- [INSTRUCTIONS TO FOLLOW]
In the records below, find the line holding "Party Girl Dressup A Free Dress-Up Game" and the line holding "Apartamento, 2 quartos, 63 m² - Foto 9". Set down both, with every line between them, exactly.

- [INFORMATION PROVIDED]
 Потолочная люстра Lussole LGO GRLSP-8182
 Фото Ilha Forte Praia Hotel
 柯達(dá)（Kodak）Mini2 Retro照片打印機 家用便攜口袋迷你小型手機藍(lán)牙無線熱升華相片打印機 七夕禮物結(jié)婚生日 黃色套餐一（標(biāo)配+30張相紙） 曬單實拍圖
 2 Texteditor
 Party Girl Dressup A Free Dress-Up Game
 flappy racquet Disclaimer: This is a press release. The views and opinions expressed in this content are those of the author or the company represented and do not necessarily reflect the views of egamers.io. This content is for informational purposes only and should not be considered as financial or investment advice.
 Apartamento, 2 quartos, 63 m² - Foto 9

==

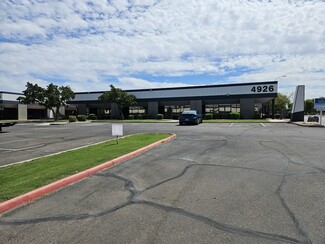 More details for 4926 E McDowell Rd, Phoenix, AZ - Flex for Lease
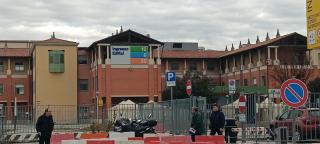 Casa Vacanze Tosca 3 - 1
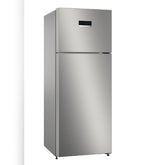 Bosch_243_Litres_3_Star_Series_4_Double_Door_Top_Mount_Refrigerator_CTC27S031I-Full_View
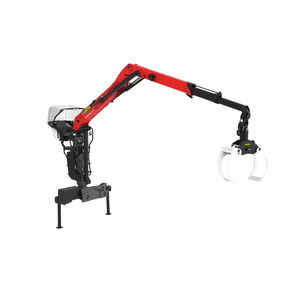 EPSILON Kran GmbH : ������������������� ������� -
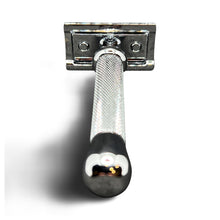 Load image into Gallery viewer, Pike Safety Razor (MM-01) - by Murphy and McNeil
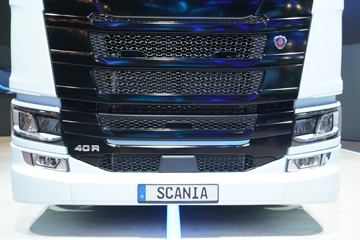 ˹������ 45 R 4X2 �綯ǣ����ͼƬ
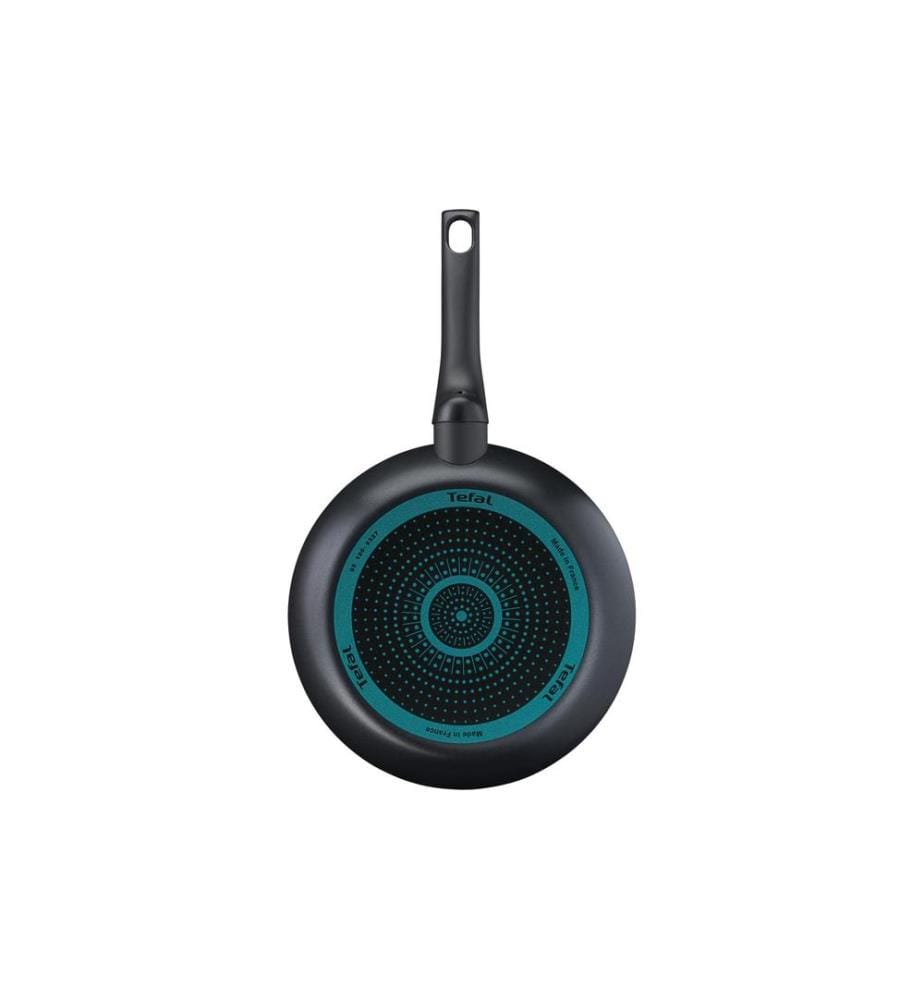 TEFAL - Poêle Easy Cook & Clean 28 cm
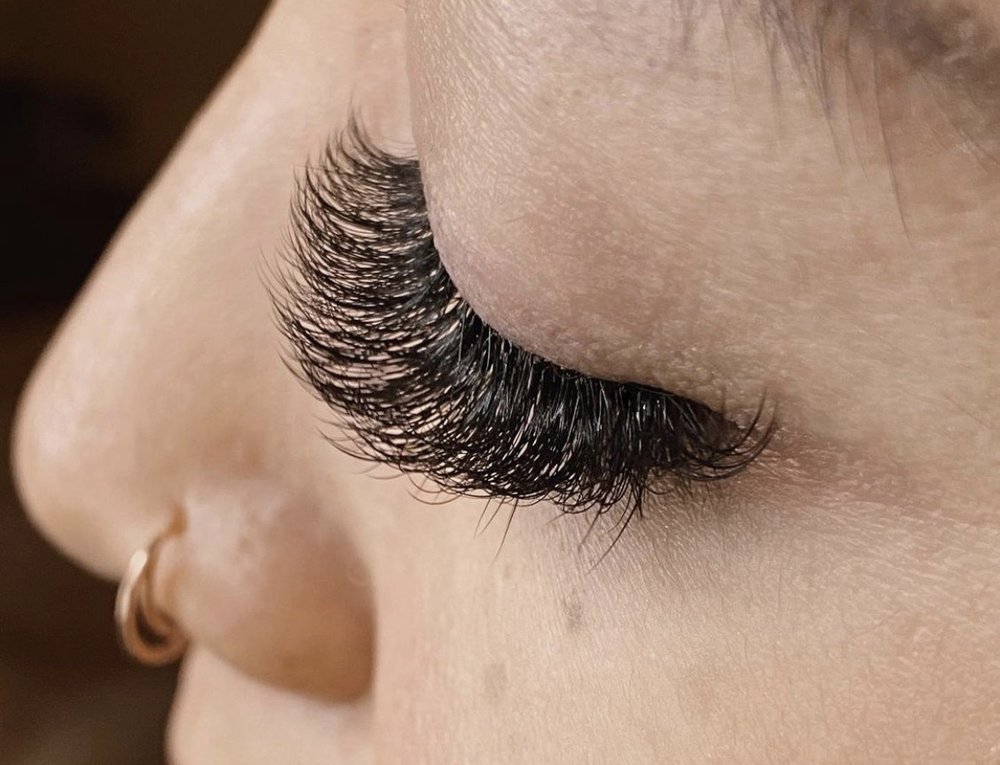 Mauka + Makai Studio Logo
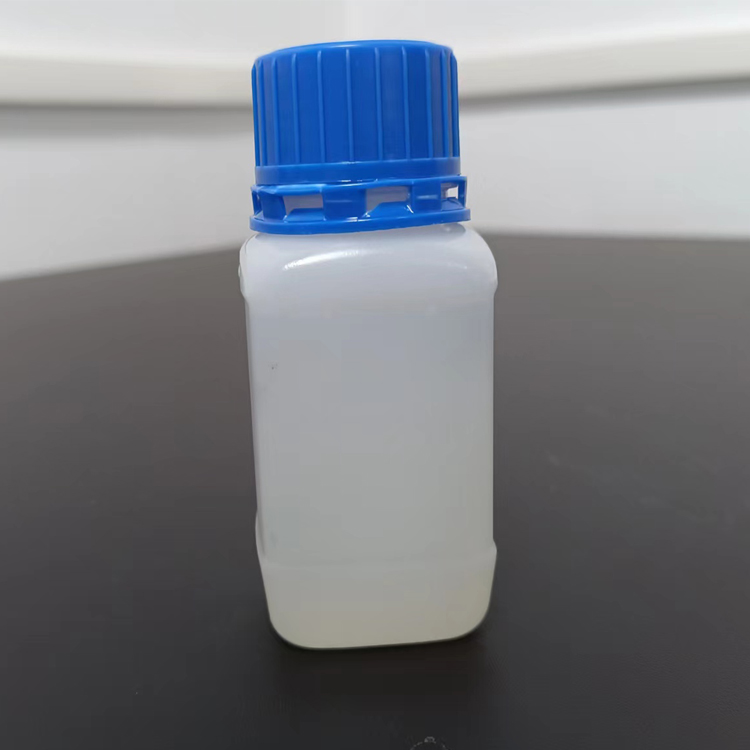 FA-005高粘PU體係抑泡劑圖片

- [WRITTEN RESPONSE]
 Party Girl Dressup A Free Dress-Up Game
 flappy racquet Disclaimer: This is a press release. The views and opinions expressed in this content are those of the author or the company represented and do not necessarily reflect the views of egamers.io. This content is for informational purposes only and should not be considered as financial or investment advice.
 Apartamento, 2 quartos, 63 m² - Foto 9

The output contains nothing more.